Another Backward, Half-Baked Idea for Seattle Center
The Owners of the Space Needle Want a Massive Chihuly Glass Museum Next Door
Maybe not. An idea for a huge, new, ill-defined pay-to-play tourist attraction—a Dale Chihuly exhibition hall, to sit at the base of the Space Needle—is already in the design stages. It was the idea of a wealthy local family, the Howard Wright family, which owns the Space Needle. The plan calls for a 44,550-square-foot exhibition hall of Chihuly's glass art, to be placed inside and to extend the current Fun Forest arcade pavilion. The plan does not describe Chihuly's vision, but it calls for a whopping 21,500 square feet of exhibition space, plus a retail shop and cafe. (By comparison, the Henry Art Gallery has about 14,000 square feet of galleries and the Frye Art Museum about 12,000 square feet.) Admission would be paid, and the venture would be for-profit. The Wrights would pay for construction, and the museum—the Wrights prefer it not be called a museum, and they have a point, since it won't have curators, but no other word is quite right, either—would be privately run.

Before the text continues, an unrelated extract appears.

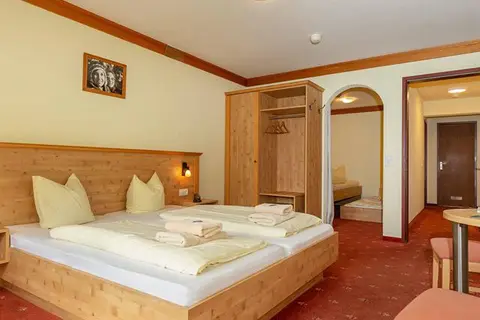 Hotel Garfrescha in St. Gallenkirch — foto 7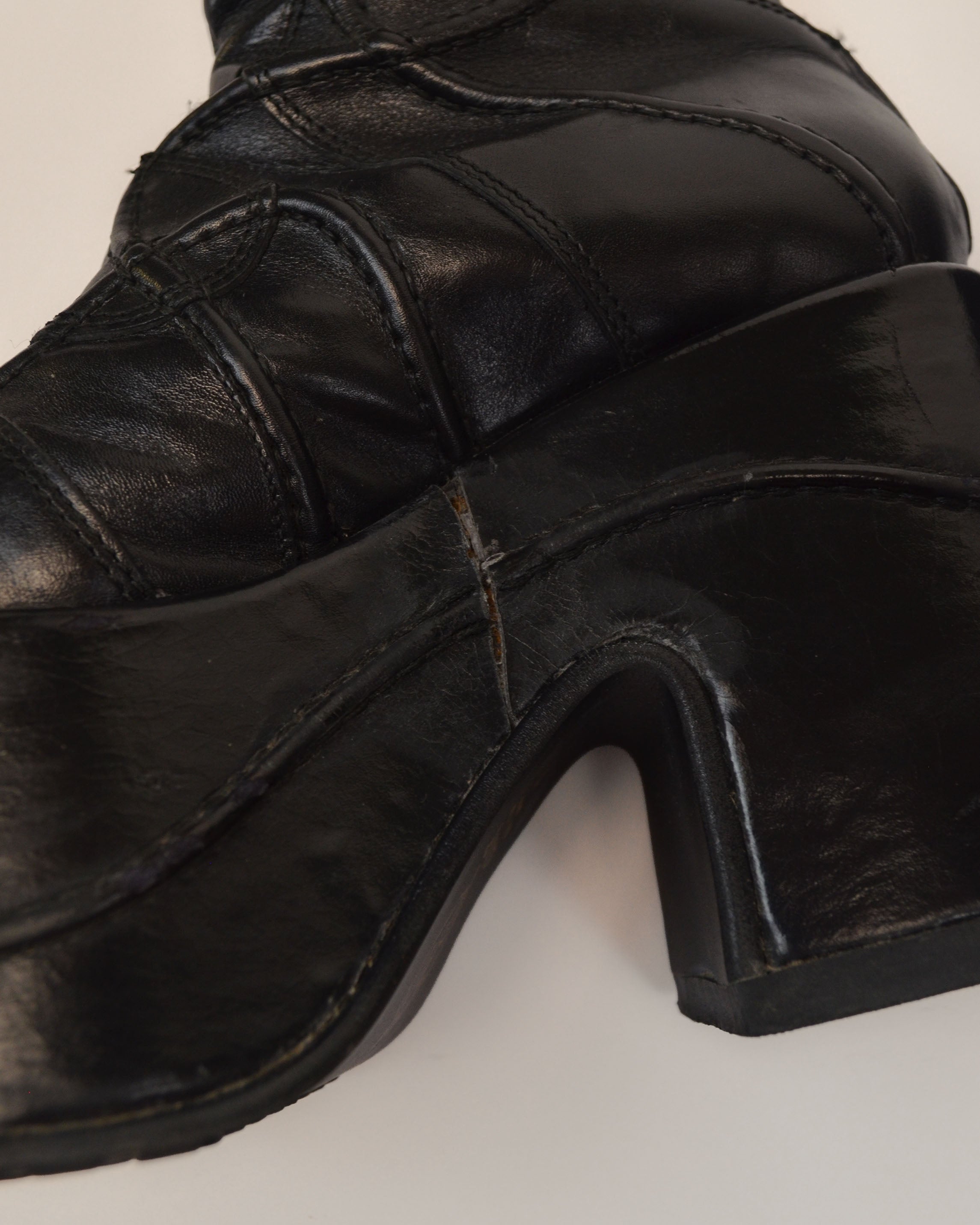 1990S LEATHER PLATFORM BOOTS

NOTE: Councilmember Sally Bagshaw, Chair of Parks and Seattle Center addressed this at last Saturday's Seattle Neighborhood Coalition meeting. In a straw vote the attendees unanimously sided with her position that the Chihuly project didn't belong in the Seattle Center Park, especially since it not provide free access to the public, which in theory owns our Public Parks.